María Magdalena no decía que ella amaba al Señor; lo demostraba. No se la podía arrancar de su Salvador. Va al sepulcro y lo encuentra vacío. Es una pobre mujer que no sabe ya adónde ir; la tierra sin Jesús es un sepulcro vacío. ¿Ocurre así con nosotros? ¿Nos sentimos desgraciados si no tenemos al Señor Jesús en nuestros corazones? ¿Tenemos ganas de ir de un lado a otro, quizá de hacer lindos viajes para distraemos? Eso no colmará nuestros corazones. Y luego, dos ángeles resplandecientes aparecen. Si dos ángeles aparecieran aquí, ante nosotros todos, no veríamos a nadie más que a ellos, no tendríamos ojos más que para ellos ni oídos más que para lo que dijesen. Esta mujer, en cambio, nada de eso. No se distrae de sus afectos, ni en lo más mínimo. ¡Cuán bello es eso! Una sola mujer la supera, pero probablemente no dos; una mujer que no está personalmente en la tumba, que no acude a buscar entre los muertos a Aquel que vive. Es aquella que, a su debido tiempo, cuando se presentó la ocasión, tuvo un vaso listo para ungir al Señor y así lo hizo.

María Magdalena dice a los ángeles: «Busco a mi Señor, pues “no sé dónde le han puesto” (Juan 20:13); decidme lo que queráis, mostradme lo que deseéis, mi corazón no puede sentirse satisfecho más que con la presencia de Aquel que me amó». No son palabras, pues María habla poco aquí: ella obra. Los discursos son fáciles, pero ¿cuál es el lenguaje de nuestro corazón? He aquí, queridos amigos, lo que estas mujeres nos enseñan.

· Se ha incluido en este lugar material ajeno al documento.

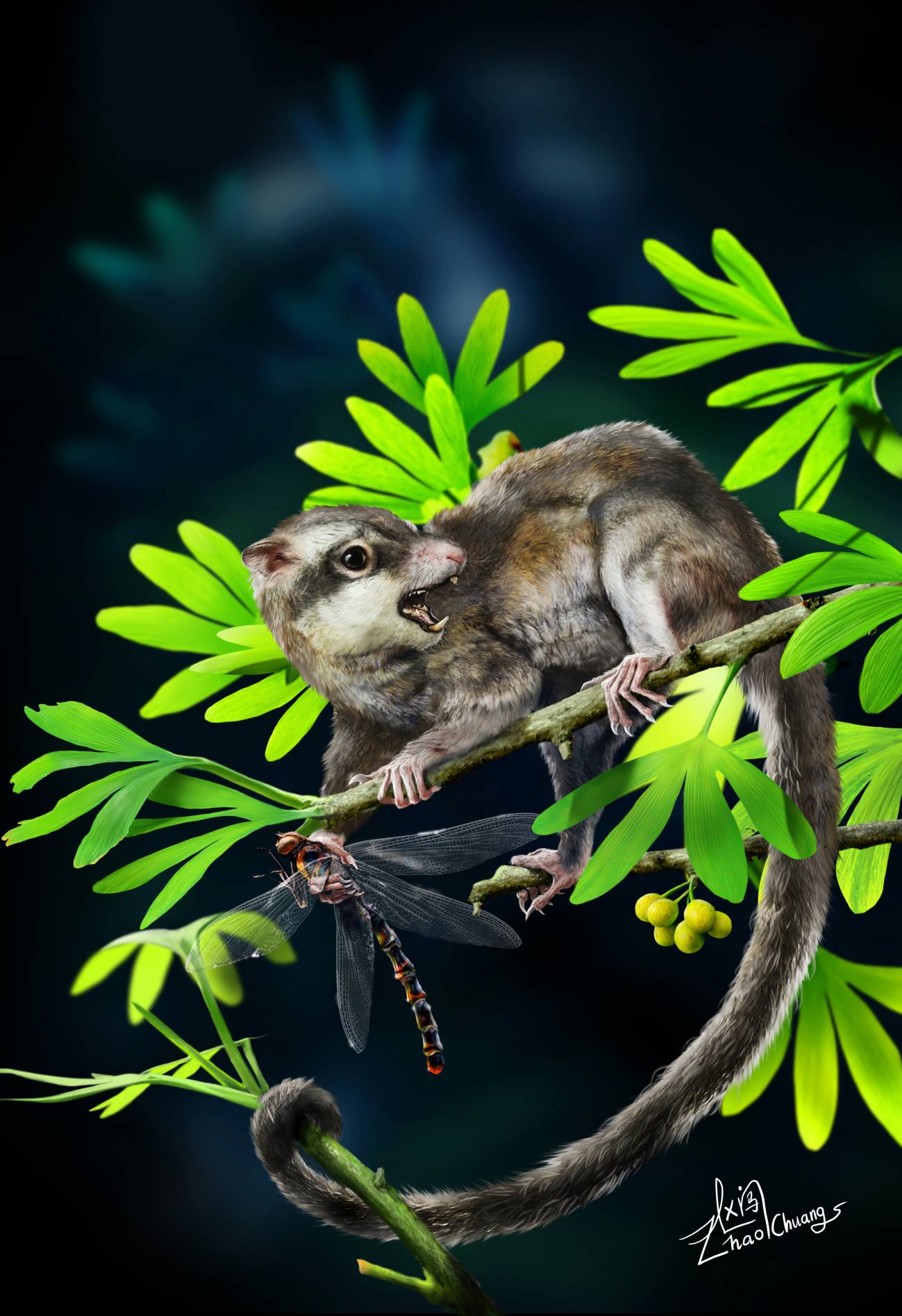 Dos ejemplares fósiles de una criatura del Jurásico dan nuevas pistas sobre el origen de los mamíferos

Pedro era un apóstol, el primero de los once, sin duda, incluso a los ojos de los restantes. ¿Adónde va? A su casa. El tenía una casa. María Magdalena no la tenía, puesto que no sabía dónde estaba su Señor.

Cuántas cosas en nuestras vidas tienen lugar antes que el Señor. Él nos prueba cada día, cuando nos pregunta: «¿Prefieres eso a mí?» Y todos los días somos o bien como María Magdalena cuyo corazón era atraído, o bien como aquellos cuyos corazones estaban distraídos.

Está escrito por la eternidad: durante la eternidad se sabrá que María Magdalena estaba allí y que, sin ser distraída por los dos ángeles, sentía que era su Salvador quien le hacía falta; durante la eternidad se sabrá que Pedro, quien debió de haber sido el primero en esta escena, al igual que Juan pese a ser llamado el discípulo a quien Jesús amaba, no estaban allí ni el uno ni el otro.

¿Qué es lo que tiene lugar antes que Jesús en nuestros corazones, queridos amigos? Si no velamos, muchas cosas; pero, si velamos, diremos: «Señor, ayúdame para que verdaderamente tú tengas en mi vida, día tras día, el primer lugar».